- **ASSIGNMENT**:
Exact copies of all the entries are needed.

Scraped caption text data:
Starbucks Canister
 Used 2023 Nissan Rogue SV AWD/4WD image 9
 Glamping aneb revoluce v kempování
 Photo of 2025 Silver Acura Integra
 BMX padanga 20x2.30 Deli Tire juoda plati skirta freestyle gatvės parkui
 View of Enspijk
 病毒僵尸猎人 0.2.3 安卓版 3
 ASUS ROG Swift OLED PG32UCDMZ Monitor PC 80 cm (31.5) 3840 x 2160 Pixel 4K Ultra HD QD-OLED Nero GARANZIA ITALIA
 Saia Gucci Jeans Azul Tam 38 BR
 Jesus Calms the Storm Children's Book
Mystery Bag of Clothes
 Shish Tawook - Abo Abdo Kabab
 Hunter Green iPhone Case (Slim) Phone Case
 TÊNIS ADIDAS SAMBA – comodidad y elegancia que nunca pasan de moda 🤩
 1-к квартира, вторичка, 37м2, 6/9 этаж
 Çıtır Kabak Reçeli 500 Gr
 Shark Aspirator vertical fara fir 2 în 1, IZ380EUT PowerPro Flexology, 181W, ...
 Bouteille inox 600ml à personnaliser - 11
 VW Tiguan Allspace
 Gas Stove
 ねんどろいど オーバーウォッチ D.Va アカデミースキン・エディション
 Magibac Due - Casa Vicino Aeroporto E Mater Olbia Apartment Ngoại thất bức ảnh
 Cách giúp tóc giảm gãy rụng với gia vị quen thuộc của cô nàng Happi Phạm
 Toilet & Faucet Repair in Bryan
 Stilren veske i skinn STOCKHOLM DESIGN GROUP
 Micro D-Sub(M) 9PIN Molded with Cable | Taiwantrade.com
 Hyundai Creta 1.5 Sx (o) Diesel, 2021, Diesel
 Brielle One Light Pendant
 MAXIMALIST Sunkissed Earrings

- **SOLUTION TO THIS PROBLEM**:
Starbucks Canister
 Used 2023 Nissan Rogue SV AWD/4WD image 9
 Glamping aneb revoluce v kempování
 Photo of 2025 Silver Acura Integra
 BMX padanga 20x2.30 Deli Tire juoda plati skirta freestyle gatvės parkui
 View of Enspijk
 病毒僵尸猎人 0.2.3 安卓版 3
 ASUS ROG Swift OLED PG32UCDMZ Monitor PC 80 cm (31.5) 3840 x 2160 Pixel 4K Ultra HD QD-OLED Nero GARANZIA ITALIA
 Saia Gucci Jeans Azul Tam 38 BR
 Jesus Calms the Storm Children's Book
Mystery Bag of Clothes
 Shish Tawook - Abo Abdo Kabab
 Hunter Green iPhone Case (Slim) Phone Case
 TÊNIS ADIDAS SAMBA – comodidad y elegancia que nunca pasan de moda 🤩
 1-к квартира, вторичка, 37м2, 6/9 этаж
 Çıtır Kabak Reçeli 500 Gr
 Shark Aspirator vertical fara fir 2 în 1, IZ380EUT PowerPro Flexology, 181W, ...
 Bouteille inox 600ml à personnaliser - 11
 VW Tiguan Allspace
 Gas Stove
 ねんどろいど オーバーウォッチ D.Va アカデミースキン・エディション
 Magibac Due - Casa Vicino Aeroporto E Mater Olbia Apartment Ngoại thất bức ảnh
 Cách giúp tóc giảm gãy rụng với gia vị quen thuộc của cô nàng Happi Phạm
 Toilet & Faucet Repair in Bryan
 Stilren veske i skinn STOCKHOLM DESIGN GROUP
 Micro D-Sub(M) 9PIN Molded with Cable | Taiwantrade.com
 Hyundai Creta 1.5 Sx (o) Diesel, 2021, Diesel
 Brielle One Light Pendant
 MAXIMALIST Sunkissed Earrings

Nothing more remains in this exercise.